Tuesday, September 03, 2013

Tectonic plates, building codes, and cities in South Asia

by Salman Hameed

I was struck by a graphic from a recent article in Science. It shows different tectonic plates, cumulative deaths from earthquakes from 900-1900 CE, deaths from earthquakes since 1900, and the sizes of major cities. As an aside, for those who believe that earthquakes are God's punishment, we have a good idea where most of the evildoers live - we are looking at you, Iran!

Here is the figure:

As can be seen from the histogram, Iran has indeed suffered most fatalities from these earthquakes. However, the deaths south asia has more deaths since 1900 than for prior 1000 years. It is this point that the authors want to highlight:
A quarter of the world's population inhabits the nations of Iran, Afghanistan, Pakistan, India, Nepal, Bhutan, Bangladesh, Sri Lanka, and Myanmar. These countries lie on or near the northern edge of the Arabian and Indian Plates that are colliding with the southern margin of the Eurasian Plate (see the figure, panel A) . The collision occurs mid-continent and, as a result, earthquakes have historically destroyed many settlements, especially in Iran (1).

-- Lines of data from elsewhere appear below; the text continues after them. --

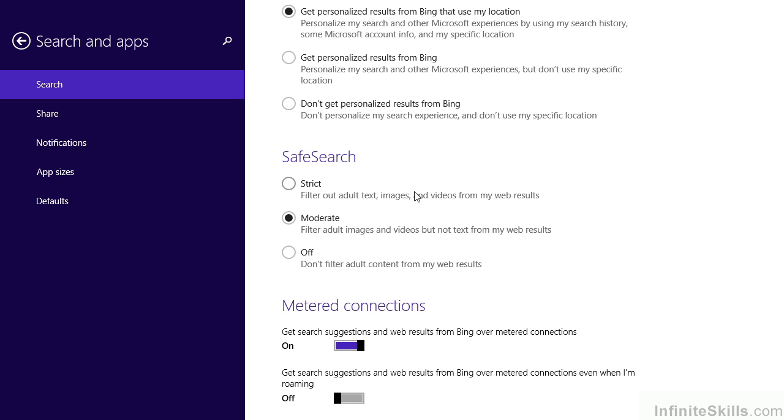It may be important, if you have children that use the computer, to make sure that each of their profiles has this setting set appropriately. We'll go ahead and choose Strict.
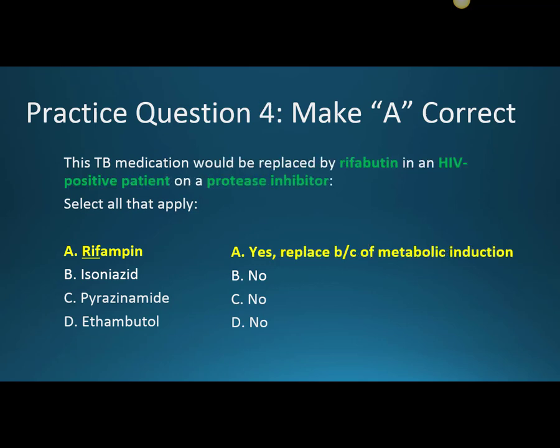Question four: this TB medication will be replaced by Rifabutin in an HIV-positive patient on a protease inhibitor. That's Rifampin again — because of that metabolic induction, we would replace it with Rifabutin. It's related, but not quite the same.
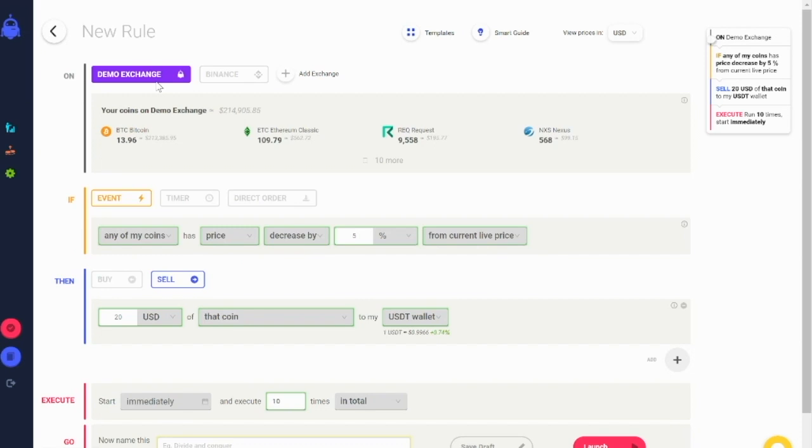When you create a rule, you can choose the option of demo exchange in the exchange selection.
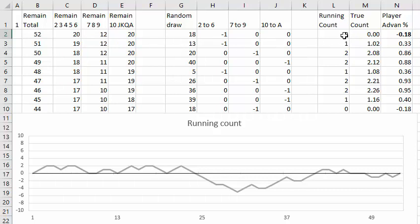The running count starts at zero, the true count is also zero, more about that later. For a single deck game with good rules, namely you can double down on any two cards and blackjack pays three to two, the player advantage is minus 0.18 percent, that is the house edge is about one-fifth of one percent. That's so tiny you could treat that as practically zero.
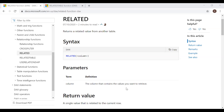Here is the syntax and the definition. The RELATED function returns a related value from another table. The syntax takes one parameter — that's the column as a reference — the column that contains the values you want to retrieve.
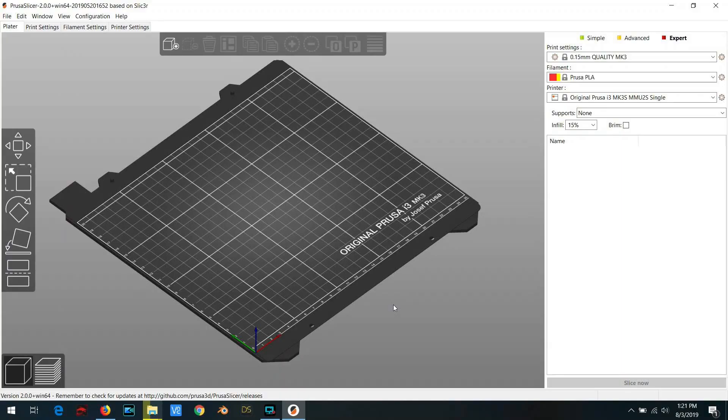Hello everybody and welcome back to ZeroCalvin. Today I'm going to show you how to print with semi-flexible filaments on the Prusa MMU2S multi-material unit.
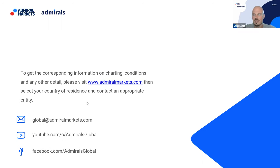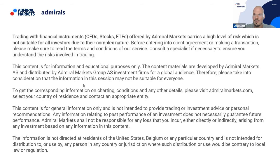Admirals is a highly regulated broker — FCA regulated, CySEC regulated, and now with an entity in Jordan as well. Subscribe to the YouTube channel, leave a thumbs up if you liked what you saw. All the best, happy trading, watch your stops — talk to you again next week!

Deaths from earthquakes since 1900 have exceeded those in all previous centuries, and earthquake deaths to the east of Iran have far outnumbered those in Iran (see the figure, panel B). We ascribe this to the recently increased population at risk in Pakistan and India and to the fragility of construction methods introduced there in the past century. 
Since I grew up in Karachi, I'm well aware of the explosive growth of the city as well as its rows and rows of cement buildings. The late columnist Ardeshir Cowasjee wrote in 1999 a series of articles about the earthquake scenario in Pakistan and concluded that:
The people of Karachi should know that all the commercial and residential high-rises are unsafe and dangerous to live in. Most of the builders and contractors, their attorneys or the entity they have established to construct a particular building, disappear from the scene as soon as a building is semi-complete and all spaces sold. The majority are members of the Association of Builders and Developers (ABAD), the body which makes the most noise when any building is ordered to be demolished and accepts no responsibility for the conduct of its members.
The authors of the Science article reach a similar conclusion and offer a modest proposal for the enforcement of existing building codes to save lives:
Earthquake hazard maps characterizing potentially active faults (in India, few active faults are exposed at Earth's surface) are in their infancy, and there are almost no data on the attenuation of strong shaking with distance in large earthquakes or the local amplification of seismic waves in cities. The establishment and implementation of credible earthquake-resistant building codes thus remains a data-gathering challenge for scientists, engineers, and planners of South Asia.  
These studies will take many decades to complete, yet immediate and crucial decisions must also be made by those responsible for the safety of critical facilities. Nuclear power plants can be constructed to withstand the largest of earthquakes, but engineers need trustworthy estimates of potential future accelerations. India has adopted a routine approach to calculating these accelerations (14) but unsubstantiated claims for low seismic hazards at a planned nuclear power plant at Jaitapur south of Mumbai have left many uneasy (15). The plant will be constructed on a coastal plain crossed by a fault that since 50,000 years ago may have lowered (11) the planned plant site by more than 20 m. The timing of earthquakes that permitted the fault to slip, and therefore its earthquake hazard, is unknown (11, 15). 
However, by far the greatest risk from earthquakes in South Asia is currently not from its nuclear facilities but from its fragile dwellings that will collapse in quite modest future shaking. Deaths from future earthquakes could be vastly reduced, with no additional scientific input, were governments to enforce existing construction codes. Conversely, the development of improved estimates of seismic risk will be futile if governments permit unauthorized and unsound construction practices to continue (3, 4).